→ Instructions for the task
Transcribe exactly, and without pictures, the lines from the one that contains "Martha Stewart Living Autumn Covers" through the last line of the material.

→ Supplied material
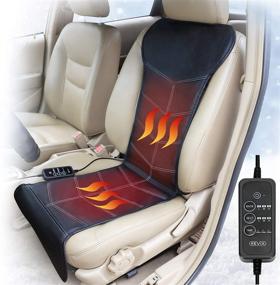img 4 attached to Winter Warmth Guaranteed with REVIX PU Leather Seat Cover: A Cozy Cushion Sitting Pad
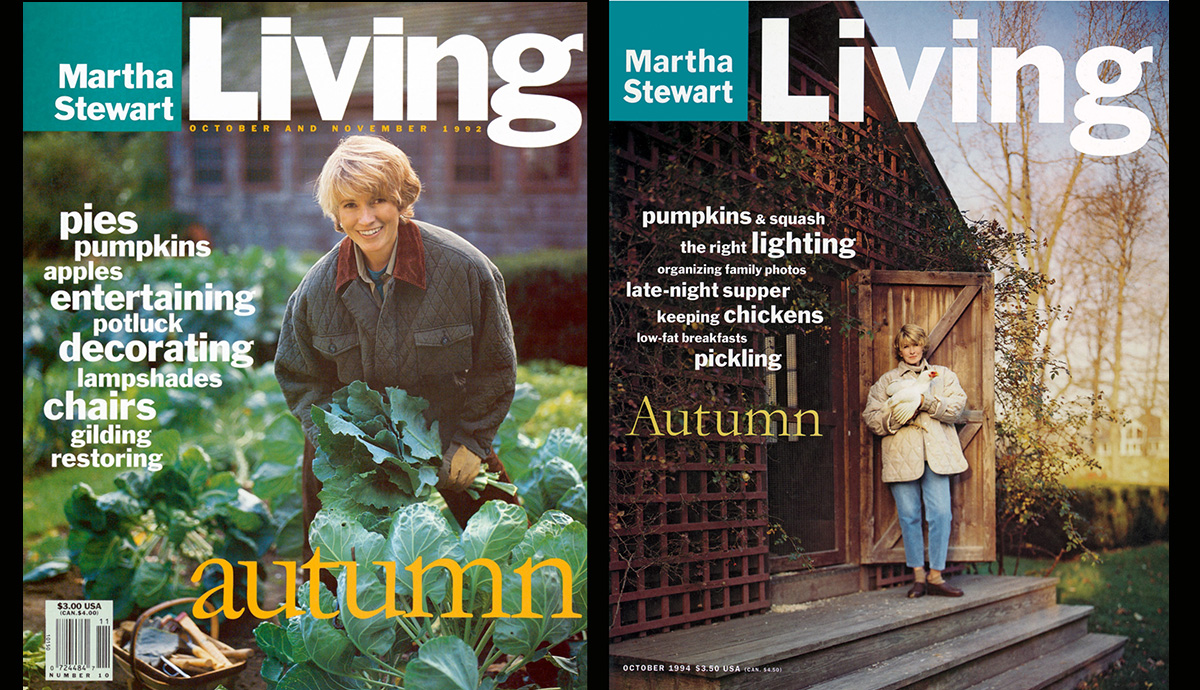 Martha Stewart Living Autumn Covers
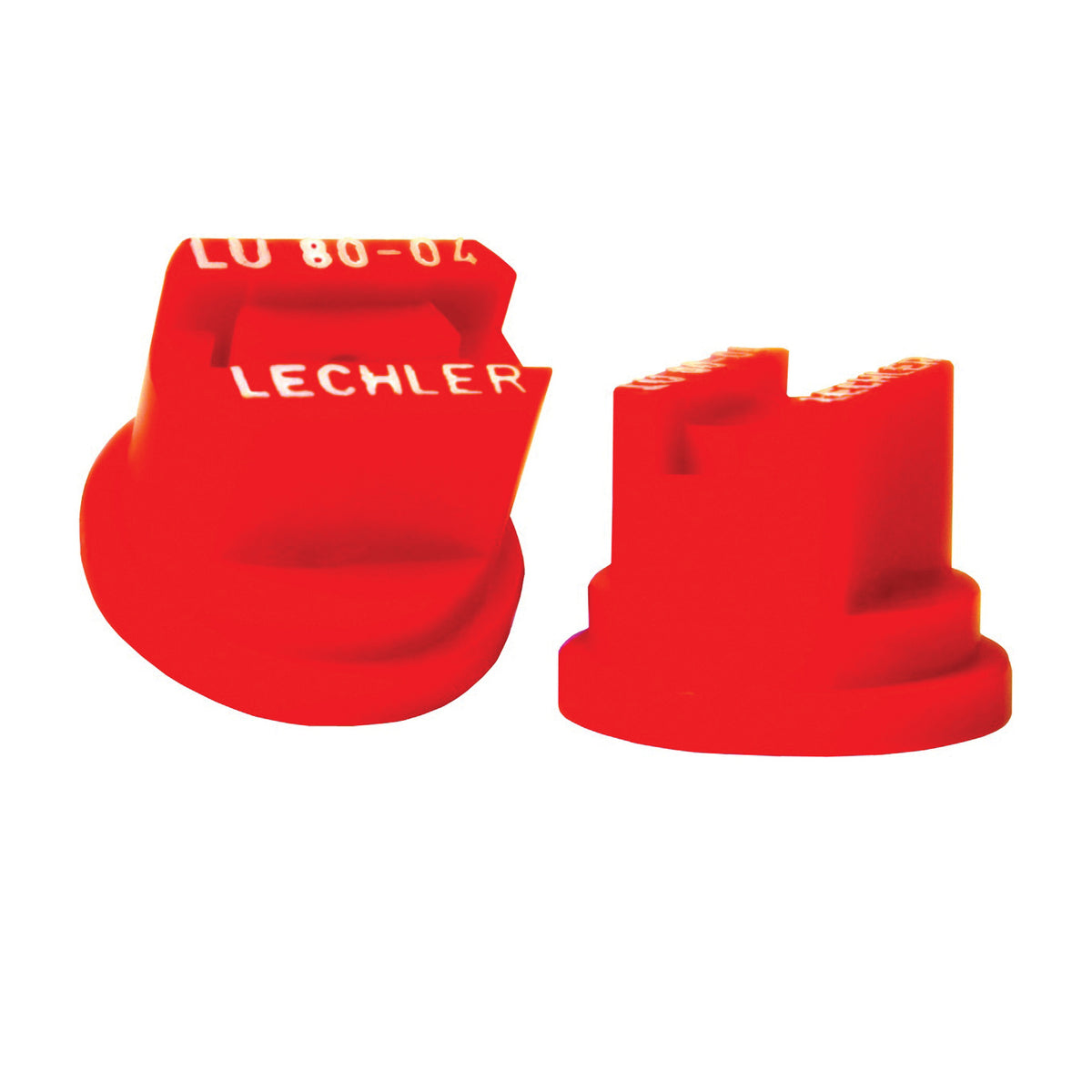 GREEN LEAF LU 80-04 6PK Spray Nozzle, Multi-Range Universal Flat, Polyoxymethylene, Red, For: Y8253048 Series 8 mm Cap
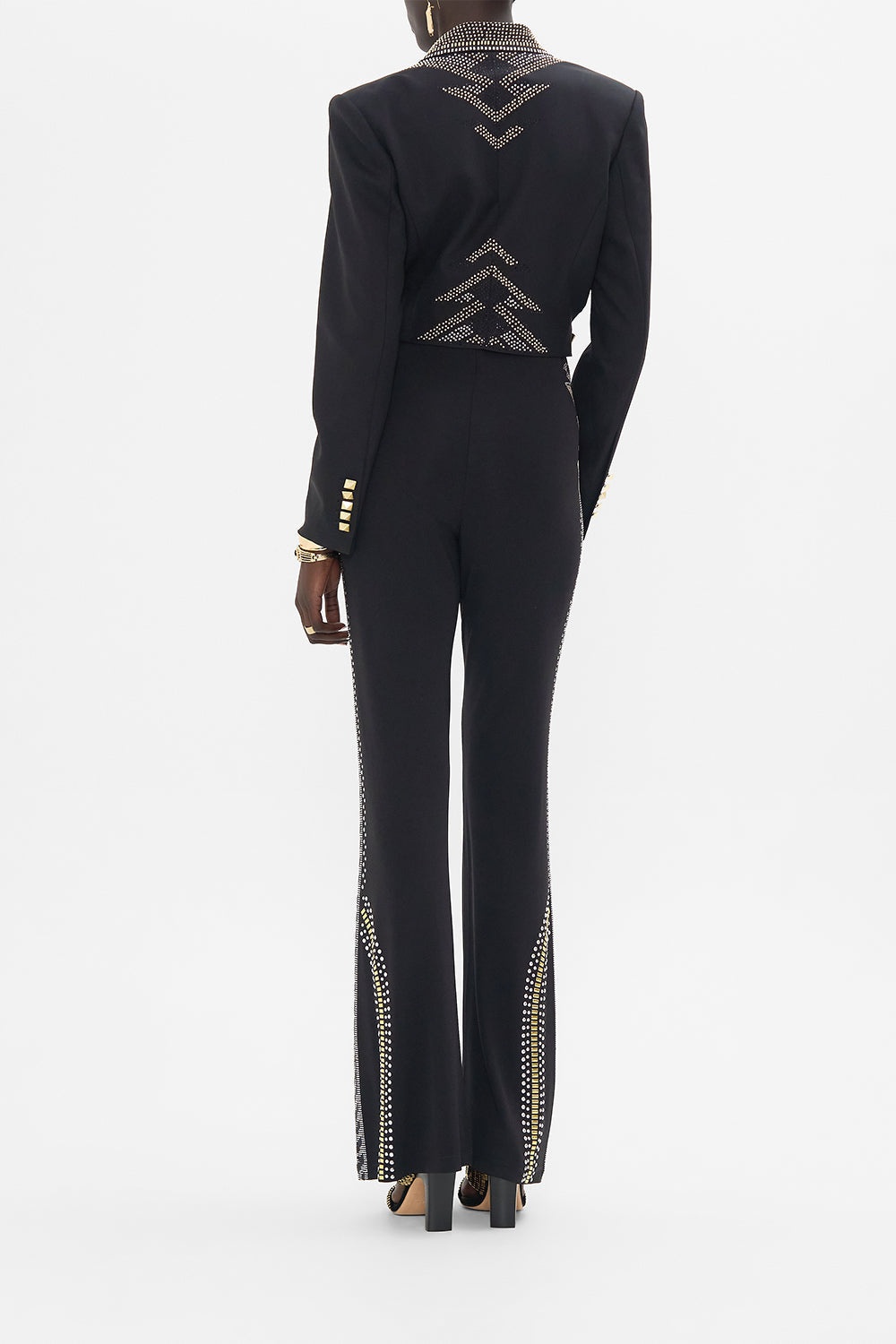 CROPPED JACKET WITH CUTOUT AND BUCKLE DETAIL - 3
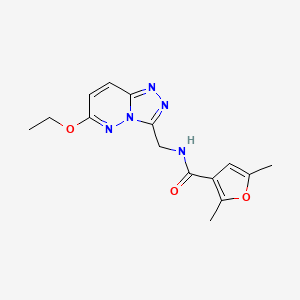 N-((6-ethoxy-[1,2,4]triazolo[4,3-b]pyridazin-3-yl)methyl)-2,5-dimethylfuran-3-carboxamide
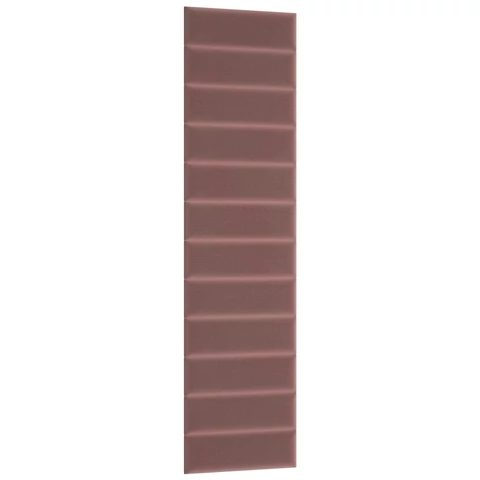 Quadratta 50x240 kárpitozott panel, hamvas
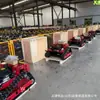 Cortador de Grama com Controle Remoto Todo-o-Terreno, Modelo Qilin 500 Máquina Agrícola de Capina para Pomares com Esteiras Totalmente Automática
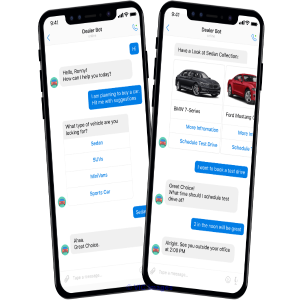 Develop a Chatbot for an Auto Dealer Company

→ Response
 Martha Stewart Living Autumn Covers
 GREEN LEAF LU 80-04 6PK Spray Nozzle, Multi-Range Universal Flat, Polyoxymethylene, Red, For: Y8253048 Series 8 mm Cap
 CROPPED JACKET WITH CUTOUT AND BUCKLE DETAIL - 3
 N-((6-ethoxy-[1,2,4]triazolo[4,3-b]pyridazin-3-yl)methyl)-2,5-dimethylfuran-3-carboxamide
 Quadratta 50x240 kárpitozott panel, hamvas
 Cortador de Grama com Controle Remoto Todo-o-Terreno, Modelo Qilin 500 Máquina Agrícola de Capina para Pomares com Esteiras Totalmente Automática
 Develop a Chatbot for an Auto Dealer Company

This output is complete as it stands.